This will execute the elementwise operation in parallel using OpenMP with Cython. The code is auto-generated, compiled and called for you transparently. The first time this runs, it will take a bit of time to compile everything but the next time, this is cached and will run much faster.

If you just change the backend = 'opencl', the same exact code will be executed using PyOpenCL and if you change the backend to 'cuda', it will execute via CUDA without any other changes to your code. This is obviously a very trivial example, there are more complex examples available as well.

To see the source code that is automatically generated for the above elementwise operation example use:

e.source

This will contain the sources that are generated based on the user code alone. To see all the sources created, use:

e.all_source

A word of warning though that this can be fairly long especially on a GPU and for other kind of operations may actually include multiple GPU kernels. This is largely for reference and debugging.

More examples

More complex examples (but still fairly simple) are available in the examples directory.

  • axpb.py: the above example but for openmp and opencl compared with serial showing that in some cases serial is actually faster than parallel!
  • vm_elementwise.py: shows a simple N-body code with two-dimensional point vortices. The code uses a simple elementwise operation and works with OpenMP and OpenCL.
  • vm_numba.py: shows the same code written in numba for comparison. In our benchmarks, Compyle is actually faster even in serial and in parallel it can be much faster when you use all cores.
  • vm_kernel.py: shows how one can write a low-level OpenCL kernel in pure Python and use that. This also shows how you can allocate and use local (or shared) memory which is often very important for performance on GPGPUs. This code will only run via PyOpenCL.
  • bench_vm.py: Benchmarks the various vortex method results above for a comparison with numba.

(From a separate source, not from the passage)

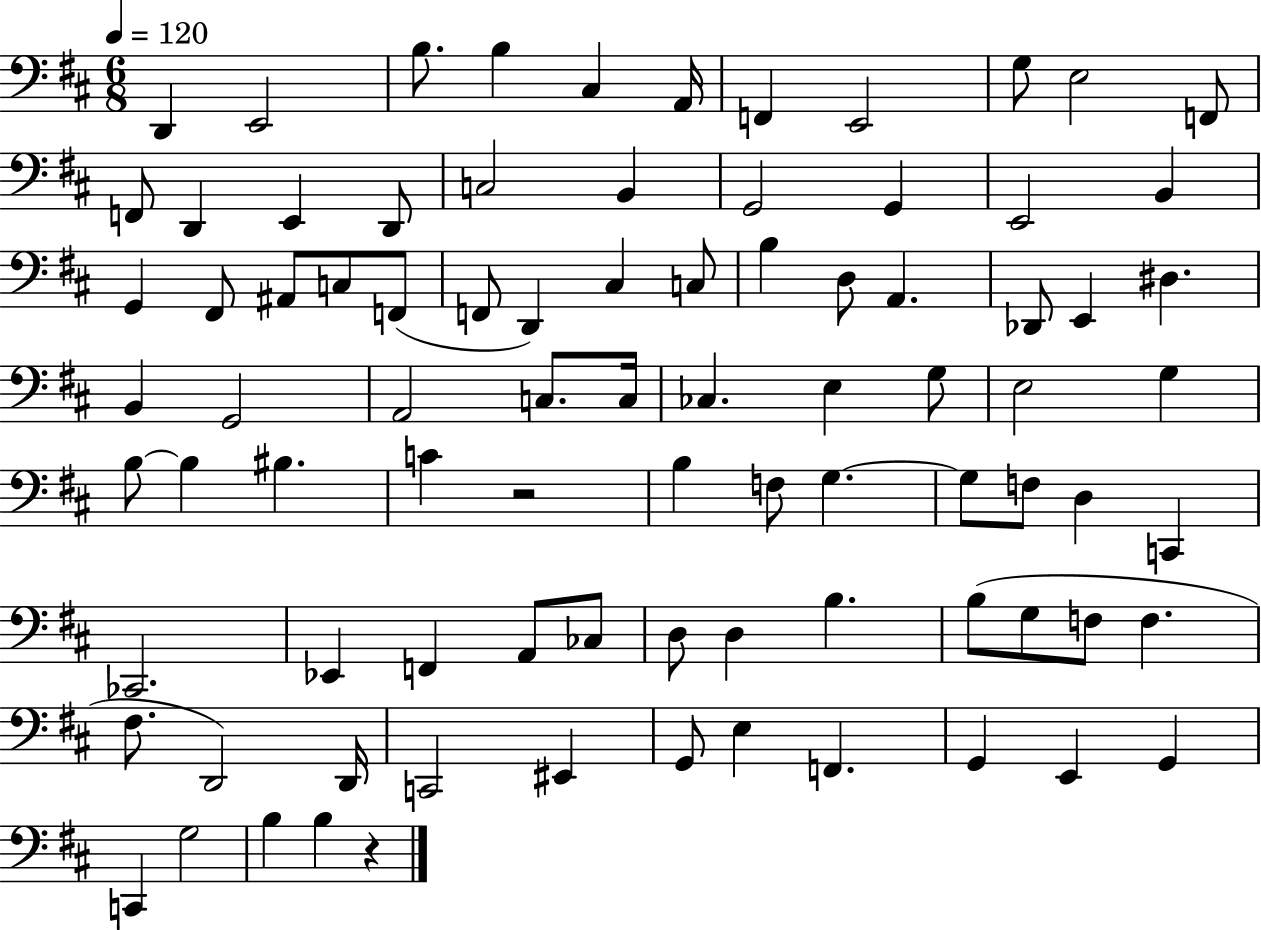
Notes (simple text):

D2/q E2/h B3/e. B3/q C#3/q A2/s F2/q E2/h G3/e E3/h F2/e F2/e D2/q E2/q D2/e C3/h B2/q G2/h G2/q E2/h B2/q G2/q F#2/e A#2/e C3/e F2/e F2/e D2/q C#3/q C3/e B3/q D3/e A2/q. Db2/e E2/q D#3/q. B2/q G2/h A2/h C3/e. C3/s CES3/q. E3/q G3/e E3/h G3/q B3/e B3/q BIS3/q. C4/q R/h B3/q F3/e G3/q. G3/e F3/e D3/q C2/q CES2/h. Eb2/q F2/q A2/e CES3/e D3/e D3/q B3/q. B3/e G3/e F3/e F3/q. F#3/e. D2/h D2/s C2/h EIS2/q G2/e E3/q F2/q. G2/q E2/q G2/q C2/q G3/h B3/q B3/q R/q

Read on for more details about Compyle.

Citing Compyle

If you find Compyle useful or just want to read a paper on it, please see:

  • Aditya Bhosale and Prabhu Ramachandran, “Compyle: Python once, parallel computing anywhere”, Proceedings of the 19th Python in Science Conference (SciPy 2020), July, 2020, Austin, Texas, USA. doi:10.25080/Majora-342d178e-005 Won best poster SciPy 2020 Paper.

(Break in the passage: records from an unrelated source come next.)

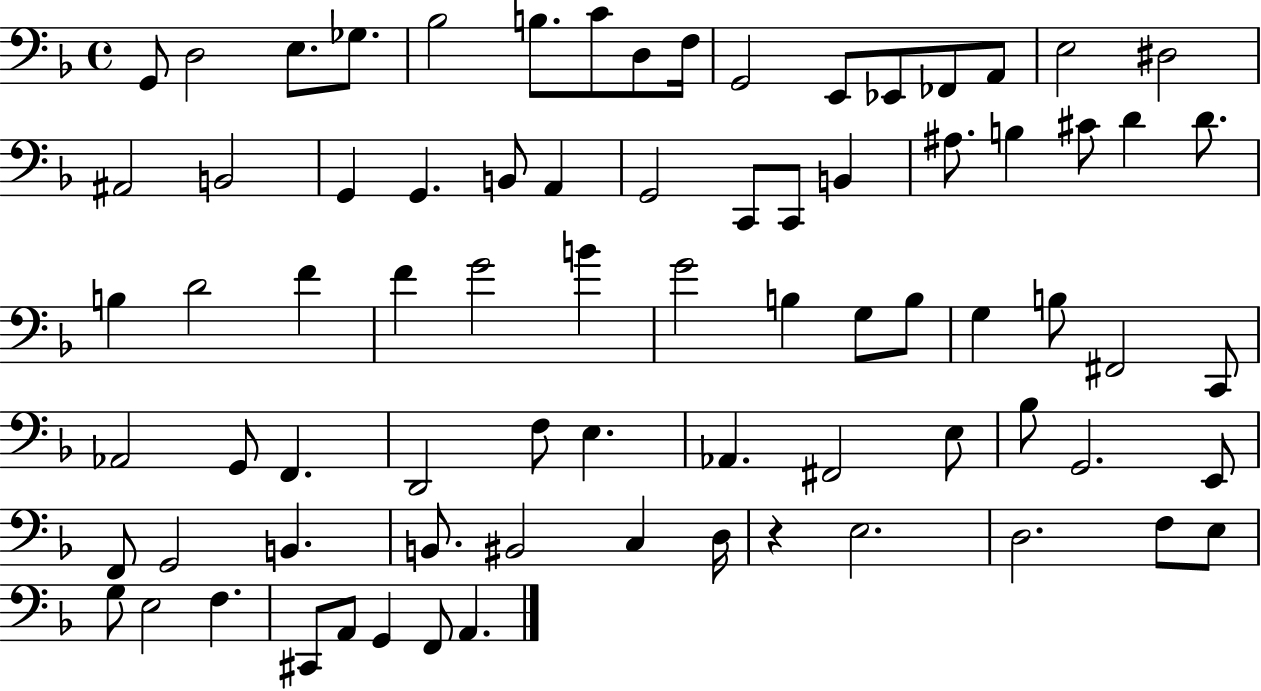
{
  \clef bass
  \time 4/4
  \defaultTimeSignature
  \key f \major
  g,8 d2 e8. ges8. | bes2 b8. c'8 d8 f16 | g,2 e,8 ees,8 fes,8 a,8 | e2 dis2 | \break ais,2 b,2 | g,4 g,4. b,8 a,4 | g,2 c,8 c,8 b,4 | ais8. b4 cis'8 d'4 d'8. | \break b4 d'2 f'4 | f'4 g'2 b'4 | g'2 b4 g8 b8 | g4 b8 fis,2 c,8 | \break aes,2 g,8 f,4. | d,2 f8 e4. | aes,4. fis,2 e8 | bes8 g,2. e,8 | \break f,8 g,2 b,4. | b,8. bis,2 c4 d16 | r4 e2. | d2. f8 e8 | \break g8 e2 f4. | cis,8 a,8 g,4 f,8 a,4. | \bar "|."
}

Accompanying the paper is the

Installation

ComPyle is itself pure Python but depends on numpy and requires either Cython or PyOpenCL or PyCUDA along with the respective backends of a C/C++ compiler, OpenCL and CUDA. If you are only going to execute code on a CPU then all you need is Cython. The full list of requirements is shown in the requirements.txt file on the repository.

You should be able to install ComPyle by doing:

$ pip install compyle

Note that when executing code on a CPU, you will need to have a C/C++ compiler that is compatible with your Python installation. In addition, if you need to use OpenMP you will need to make sure your compiler is compatible with that. Some additional information on this is included below.

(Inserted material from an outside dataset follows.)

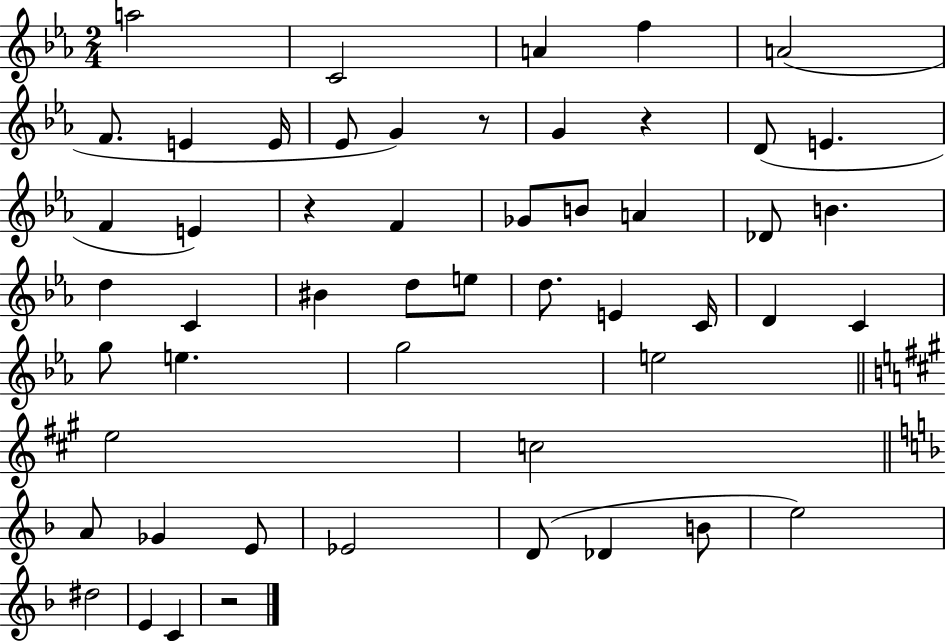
A5/h C4/h A4/q F5/q A4/h F4/e. E4/q E4/s Eb4/e G4/q R/e G4/q R/q D4/e E4/q. F4/q E4/q R/q F4/q Gb4/e B4/e A4/q Db4/e B4/q. D5/q C4/q BIS4/q D5/e E5/e D5/e. E4/q C4/s D4/q C4/q G5/e E5/q. G5/h E5/h E5/h C5/h A4/e Gb4/q E4/e Eb4/h D4/e Db4/q B4/e E5/h D#5/h E4/q C4/q R/h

Installing the bleeding edge

Note that if you want the latest bleeding edge of compyle, clone the repository and install compyle like so:

$ git clone https://github.com/pypr/compyle
$ cd compyle
$ python setup.py develop
# Or
$ pip install -e .

If you just want the latest version and do not want to clone the repository, you can also do:

$ pip install https://github.com/pypr/compyle/zipball/master

Setting up on GNU/Linux

This is usually very simple, just installing the standard gcc/g++ packages ought to work. OpenMP is typically available but if it is not, it can be installed with (on apt-compatible systems):

$ sudo apt-get install libgomp1

Installation with conda on MacOS

Recent conda packages make the process of setup very easy on MacOS assuming that you have the XCode command line utilities installed. Please make sure you install this.

For example with conda-forge the following creates a new Python 3.8 environment with compyle installed and working with both OpenMP and OpenCL:

$ conda create -c conda-forge -n py38 python=3.8 numpy pyopencl
$ conda activate py38 # or a suitable such invocation
$ pip install compyle

Note that the above implicitly installs the llvm-openmp package in the environment which works out of the box with clang and provides OpenMP support.

Possible issues on MacOS

Ensure that you have gcc or clang installed by installing XCode. See installing XCode command line utilities if you installed XCode but can’t find clang or gcc.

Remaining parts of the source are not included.